Stick shuttles come with most rigid-heddle looms and are available in a wide variety of sizes. I like to pick a shuttle that is a little bit longer than the width of my project. This way, as I’m weaving, I’m unwinding about the right amount of yarn with each pass of the shuttle. If my shuttle is wider than my project, I wind off too much yarn and that can get unwieldy.
Stick shuttles can be used for any project and they require no extra equipment, such as winders. If you utilize the edges as well as the middle, they can hold a lot of yarn. I keep them in jars with leftover project yarn still on them to use as headers for future projects. I keep my eye out for handmade shuttles to add to my collection.
Occasionally, I use a belt shuttle. These shuttles have a beveled edge on one side, and you only wind the warp on one edge to keep the profile of the shuttle as slim as possible. I use this style for warp-faced or highly warp-emphasis weaves and beat with the beveled side only on a closed shed. (See this blog post for more information on closed sheds.)

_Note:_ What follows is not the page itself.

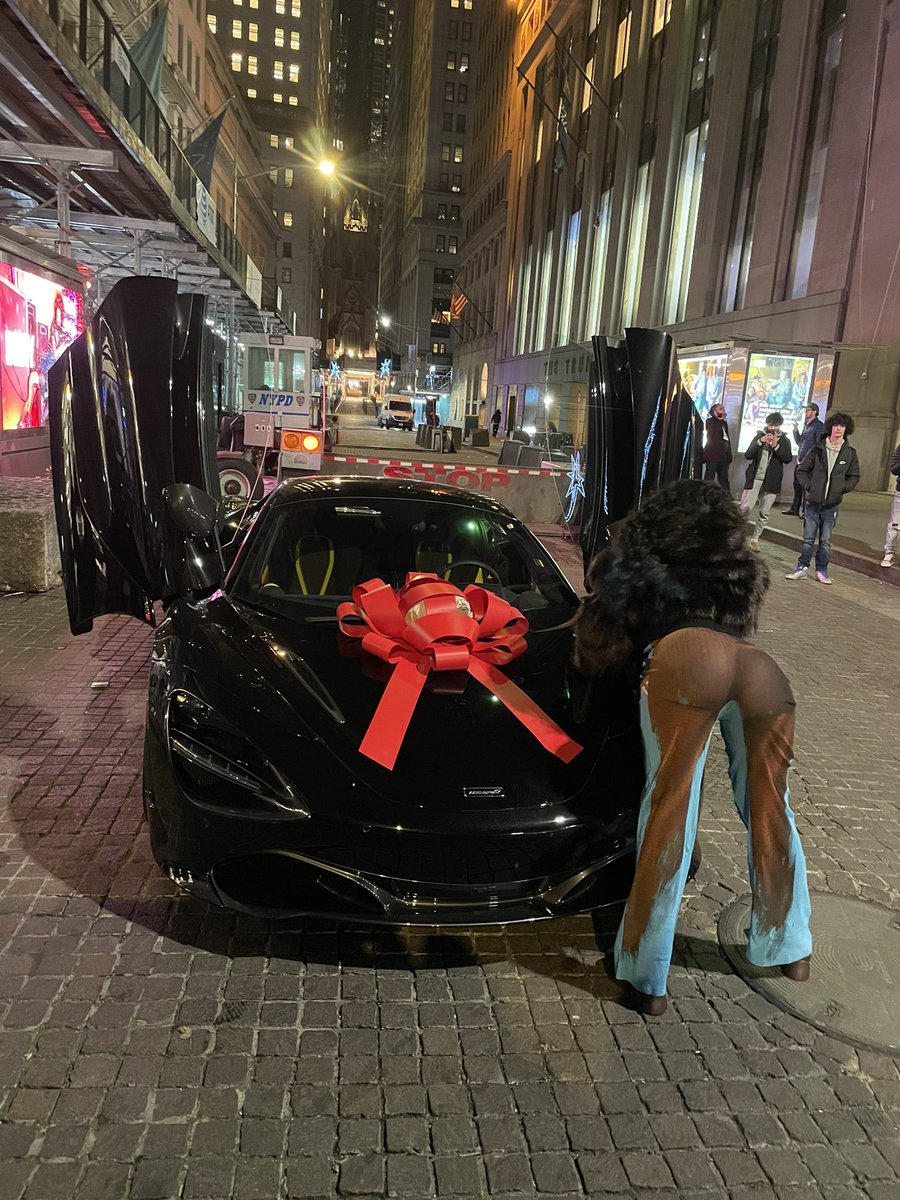 Lil Uzi Vert Gifts JT A McLaren For Her Birthday: "I'm So In Love" –  HotNewHipHop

There are also ski shuttles and rag shuttles designed to hold extremely bulky yarn or fabric. The flat bottom allows the shuttle to skim the surface of the bottom shed of the warp. This style of shuttles are most often used when weaving rags or weft-faced fabric where the sett is more open. They tend to come in long lengths, which as I mentioned above, can lead to winding more yarn or fabric than I need. If I’m weaving with rags, I wind them on a stick shuttle using only the middle of the shuttle, laying the fabric flat.

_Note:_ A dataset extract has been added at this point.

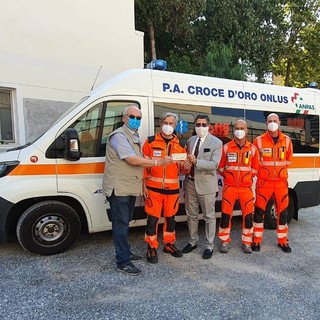 La consegna del defibrillatore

Boat shuttles are more expensive and require some kind of winder. You can get a proper bobbin winder, or some folks DIY it use a household drill. Having one with a low speed is important, otherwise the process is bound to get away from you. (Ask me how I know.) There are nifty adaptors available that make the process easier to manage. For years, I hand wound my bobbins until I could afford a winder.
Boat shuttles are designed to use on a floor loom that has a race, a wood shelf that sits on the beater. The weaver throws the shuttle across this shelf, rather than the warp itself. The race helps guide the shuttle and keeps it from falling through the bottom of the shed. Floor loom weavers don’t place the yarn the same way a rigid-heddle weaver might. They throw the shuttle with one hand, catch it with another, then beat the yarn into place with their free hand. A rigid-heddle weaver needs to put the shuttle down and beat with two hands, since rigid-heddle looms don’t have a fixed beater and it is hard to get a straight fell line with one hand. (This is one of the key differences between the two looms—rigid-heddle looms aid in efficient warping, and floor looms aid in efficient weaving.)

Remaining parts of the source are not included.